Monday, April 8, 2013

Conclusion


Hosseini uses diction to communicate the social differences between Hazaras and Pashtuns in Afghanistan.  In the beginning of my passage, Amir has just won the annual kite flying competition, and Hassan has gone to run the last fallen kite for Amir. Assef and his friends corner Hassan in an alley. Amir sneaks up behind and watches as Assef says to Hassan  “Where is your slingshot Hazara?... What was it you said? ‘They’ll have to call you One-Eyed Assef’… That was clever. Really clever,” (70). Assef is taunting Hassan before he beats Hassan. This is because Hassan threatened Assef before with a slingshot. However, the use of the word “Hazara” conveys Assef’s derogatory feelings towards Hassan. Assef, being blond, blue-eyed, and a Pashtun, feels himself to be superior to Hassan, which gives him the right to beat Hassan if he wants. Especially because Hassan has already threatened Assef as though they were equals. That is unacceptable to him. Furthermore, Amir’s refusal to help Hassan shows a difference in class. Amir stands in the alley and “watched them close in on the boy [he’d] grown up with, the boy whose harelipped face had been [his] first memory,” (71). Amir does not go to immediately help Hassan. Nor does Amir help his friend at any point in the book. Amir does not feel that Hassan is worth the beating he would receive from Assef for getting involved. When Hosseini describes the scene, he makes sure to highlight how close Amir and Hassan are, that they were each other’s first memory. These are not strangers, or even casual acquaintances. These are close friends, but even the fact that they have grown up together does not change their social standing. Amir will always be Pashtun, and Hassan will always be Hazara. Hosseini uses this scene to show the class structure in Afghanistan. The Pashtun are on top and can do as they please. The Hazaras are the lower class, the servant class, and are punished for that. Through the relationship between Assef and Hassan, Hosseini conveys the importance of social hierarchy in Afghanistan. 

Thursday, April 4, 2013

The Kite Runner, Chapter 7, Pages 70-71

The Kite Runner, Passage Four (Chapter 7: pages 70-71)

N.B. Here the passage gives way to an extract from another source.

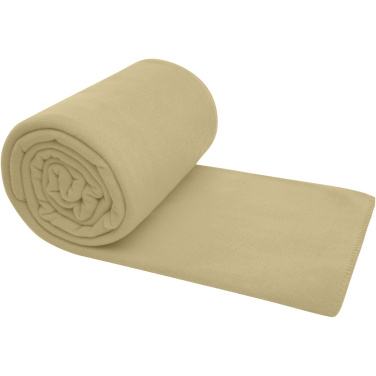 Logotrade Werbegeschenke das Foto: Huggy Fleecedecke mit Hülle 220 × 250 cm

For the next few minutes, I scoured the bazaar in vain. Maybe the old merchant’s eyes had betrayed him. Except he’d seen the blue kite. The thought of getting my hands on that kite... I poked my head behind every lane, every shop. No sign of Hassan.

I had begun to worry that darkness would fall before I found Hassan when I heard voices from up ahead. I’d reached a secluded, muddy road. It ran perpendicular to the end of the main thoroughfare bisecting the bazaar. I turned onto the rutted track and followed the voices. My boot squished in mud with every step and my breath puffed out in white clouds before me. The narrow path ran parallel on one side to a snow-filled ravine through which a stream may have tumbled in the spring. To my other side stood rows of snow-burdened cypress trees peppered among flat-toppedclay houses—no more than mud shacks in most cases—separated by narrow alleys.

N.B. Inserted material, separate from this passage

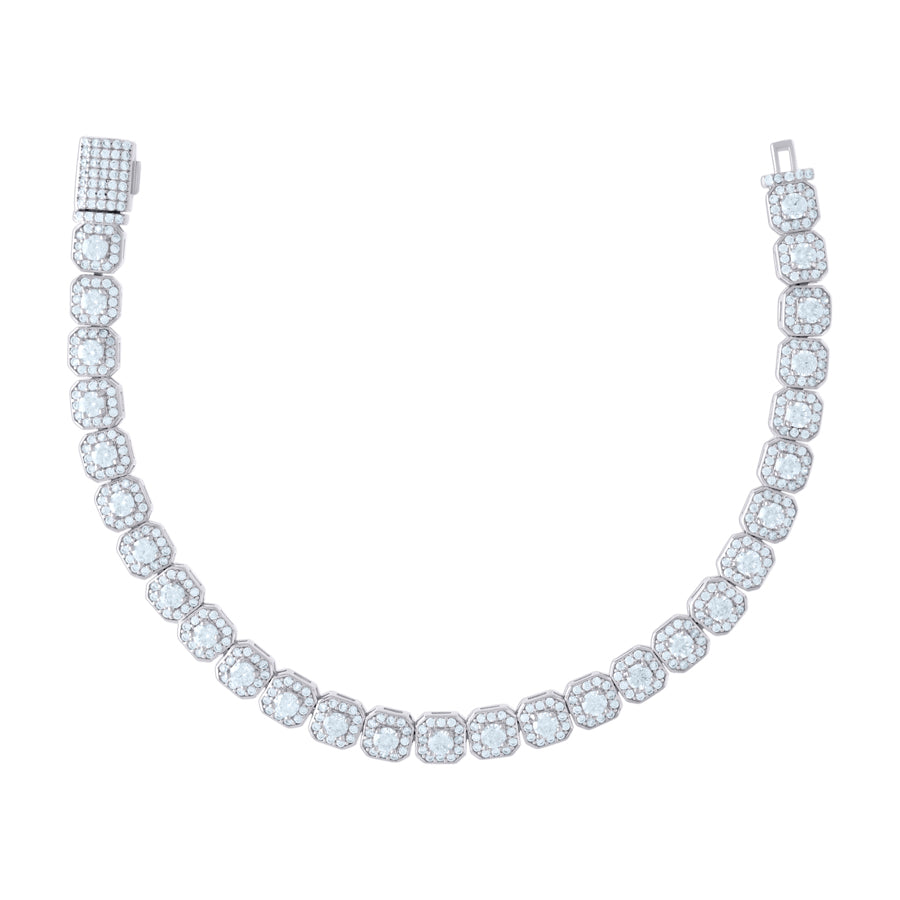 925 Sterling Silver Cz Bracelet 6mm-7"-24"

I heard the voices again, louder this time, coming from one of the alleys. I crept close to the mouth of the alley. Held my breath. Peeked around the corner.

Hassan was standing at the blind end of the alley in a defiant stance: fists curled, legs slightly apart. Behind him, sitting on piles of scrap and rubble, was the blue kite. My key to Baba's heart

Blocking Hassan’s way out of the alley were three boys, the same three from that day on the hill, the day after Daoud Khan’s coup, when Hassan had saved us with his slingshot. Wali was standing on one side, Kamal on the other, and in the middle, Assef. I felt my body clench up, and something cold rippled up my spine. Assef seemed relaxed, confident. He was twirling his brass knuckles. The other two guys shifted nervously on their feet, looking from Assef to Hassan, like they’d cornered some kind of wild animal that only Assef could tame.

"Where is your slingshot Hazara?" Assef said, turning the brass knuckles in his hand. “What was it you said? They’ll have to call you One-EyedAssef.’ That’s right. One-Eyed Assef. That was clever. Really clever. Then again, it’s easy to be clever when you’re holding a loaded weapon.”

I realized I still hadn’t breathed out. I exhaled, slowly, quietly. I felt paralyzed. I watched them close in on the boy I’d grown up with, the boy whose harelipped face had been my first memory.